Une session “production du handicap” à l’association française de sociologie

Le congrès de l’association française de sociologie s’est tenu entre le 4 et le 7 juillet à Lyon sur le thème “intersections, circulation”. Le réseau thématique 19 “santé, maladie, handicap” a organisé différentes sessions, dont l’une consacrée à la “production du handicap”.

Congrès AFS

Voici un bref compte-rendu des trois dernières communcations de la session :

Qui a besoin des ESAT?

Beaucoup de recherches s’interrogent sur la possibilité de mieux accompagner les personnes pour favoriser le passage d’un travail protégé au travail ordinaire. Pour Fanny Jaffrès, la difficulté n’est pas seulement celle de l’accompagnement, mais bien celle de l’assignation de certaines personnes handicapées au travail protégé. En France, les ESAT offrent le statut du médico-social ; en Suède, c’est une entreprise d’Etat qui offre un statut de droit commun. L’enquêtrice a enquêté dans 14 ESAT en France, et 7 établissements équivalents en Suède. La comparaison internationale permet à l’autrice de dénaturaliser les catégories dans chaque contexte nationale. L’autrice souligne l’importance du moment de “l’orientation” vers le travail protégé, dont le “principe de cohérence” est dans l’expérience antérieure (sous la forme de stage) des personnes, produisant un effet filière important. Ainsi, plus de 50% des travailleurs sont déjà passés par un établissement, soulignant la forte prégnance des professionnels du médico-sociale dans cette orientation, se traduisant parfois par des formes de “dépossession de leur trajectoire” par les personnes elles-mêmes. En Esat, beaucoup de travailleurs proviennent de familles populaires et nombreuses, soulignant que l’inclusion dans la vie ordinaire nécessite un étayage relationnel très fort. En Suède, il y a une forte centralité du service public de l’emploi. L’inclusion est portée par les acteurs du médico-social, ce qui révèle une forme d’échec de la mise en dialogue des “politiques de santé au travail” et des politiques de “handicap”.

Masculinités post-traumatiques

Une intervention a porté sur les effets sur les masculinités de la survenue d’un handicap loco-moteur à la suite d’accidents dans le contexte sud-africain. L’autrice insiste sur la centralité des corps. “Les corps ne peuvent être compris comme des medium neutres des pratiques sociales.” (Connell, 1995) La vulnérabilité des corps masculins est forte par rapport aux attentes d’indépendance, de force, et semble faire l’objet de suspicions sociales particulièrement élevées sur le fait que “la responsabilité du handicap” proviendrait des comportements masculins violents. En vis-à-vis de cette suspicion, le langage de la rédemption est très prégnant. A la masculinité toxique qui amène au handicap renvoie une masculinité “positive” qui passe par le discours de rédemption. La crainte de la désexualisation est grande. Une extension du répertoire des pratiques est décrite. L’enjeu du pouvoir dans le couple reste aussi central. “Une marginalité marginale de la marginalité au sein d’une marge globale”.

Aller mieux avec ou par rapport aux autres?

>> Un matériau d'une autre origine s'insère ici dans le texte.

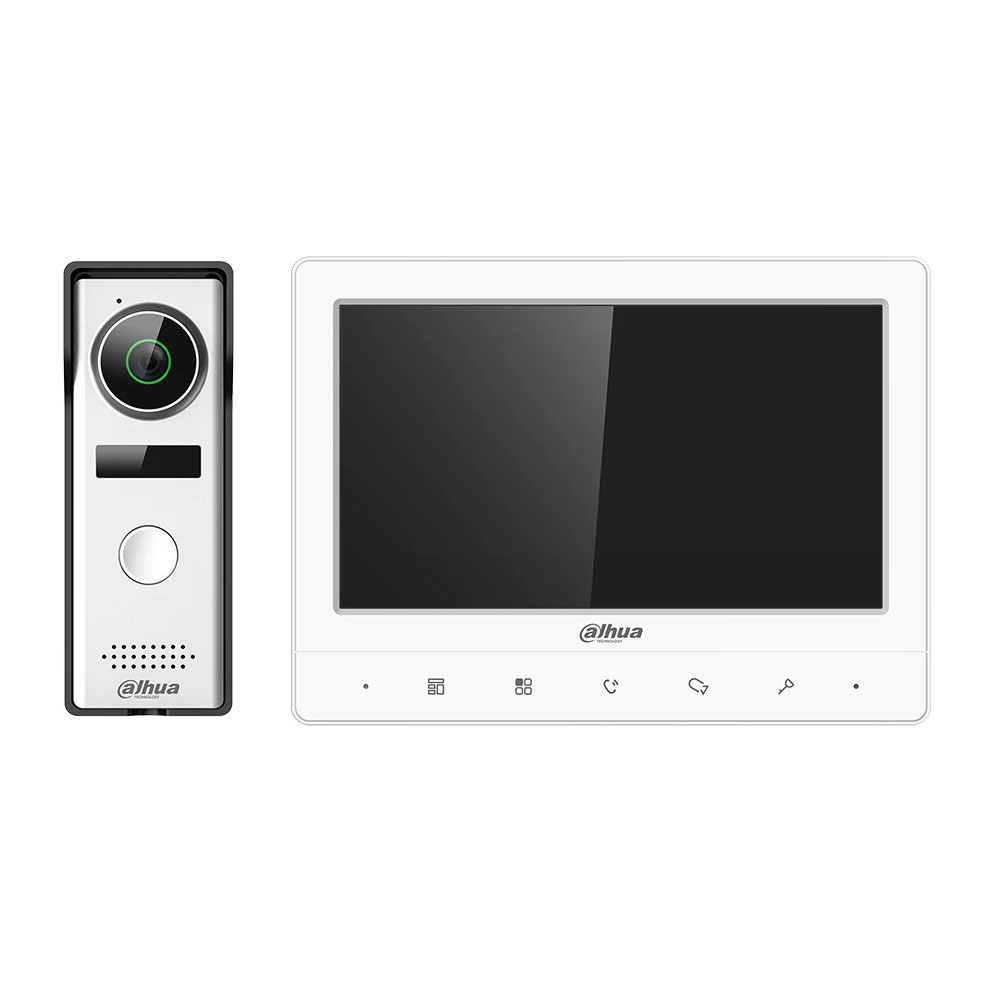 Kit videointerfon Dahua KTA02, 1.3 MP, 1 familie, auto IR, aparent, 7 inch 1.3 imagine noua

L’intervention d’Audrey Linder a porté sur l’aller-mieux. Elle constate que l’aller mieux se mesure par rapport à son ancien soi malade mais aussi en comparaison avec les parcours des autres patients qui renvoient aussi bien aux risques de stigmate que de rétablissement (Carpenter-Jonkin). Qui est mon pair? La question se pose et se repose pour les patients. Il s’agit de de positionner et repositionner par rapport aux autres membres du groupe, de se rapprocher de celles/ceux avec qui on s’identifie, de s’écarter de celles/ceux avec qui on ne s’identifie pas. La gestion de la maladie, du handicap, du stigmate, la rendre visible, ou au contraire la voiler, est centrale.